Wow...what a week that was!
Our friends have now finished their move into their new home in another county. It was a long, busy, and hard week. Moving day was.........long, hard, disappointing and difficult. That's all I'm going to say about that...or else if I do...I will say to much. All I will say is, God helped those of us who were there to get them moved. What a lovely neighbor hood they moved into. Country side to be seen for miles, apple trees, gardens, horses, and much more. They are very happy, and I am happy for them.
My house is in complete disarray. I have started trying to get things back into order, but that will take a day or two before all is clean, tidy, washed, folded, put away, sanitary, and organized again the way I prefer. I am taking my time, but it will get done.

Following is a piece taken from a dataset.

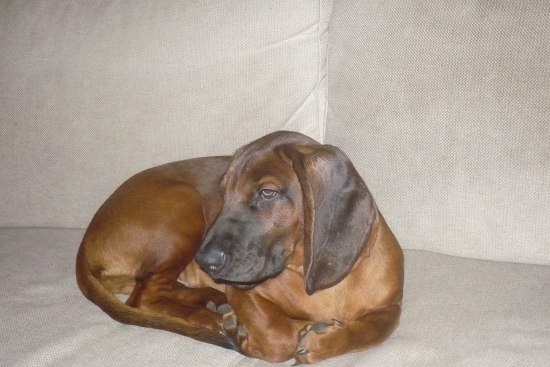 Další přírustek do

Yesterday at church was our Homecoming day, with singing, preaching, and dinner on the grounds. Everything was just lovely. God was there with us, and he blessed me many times, touched my heart, moved me to tears, and He wrapped His loving arms gently around me and just loved me. My precious Lord dealt with me about much, and He gave me comfort as only He can give. Comfort concerning many things in my life right now. The preaching was.....just what we/I needed to receive from God. What a lovely day.! For the rest of the evening my hubby and I spent the evening here at home....just with each other. That was just what I needed. God blessed me with such a beautiful day. Beautiful in spirit, food for body and soul, church family, friends, fellowship, and fun. Thank You Lord!
Today, along with all of my household chores that need my attention, I do have so many things on my mind. Things that are bothering me, things I'm sad about, things that I want to change, things that I am trusting my sweet Lord to be in charge of, things about me that I seeking God's guidance and direction for, things that I am praying over concerning some friends who need God's touch in their lives....right now....and quickly...as only God can do, things concerning my son.....Bobby who is now in California on yet another military base, and we are not sure just how long he will be there?.
So....you see....my house is a mess and my mind is terribly preoccupied with many things.
I still struggle with-
Feeling so disconnected from so many things and so many people.
I still find myself pulling back farther and farther away from more and more people at times.
Wanting NOT to be hurt, wanting only for my life to be filled with joy, peace, happiness, & love, especially from my Lord and my darling hubby and my precious children.
Wanting to be separated from all of the drama and discord that seems so prevalent these days.
Wanting to get away from people who never seem to have anything happy or kind to say or to talk about.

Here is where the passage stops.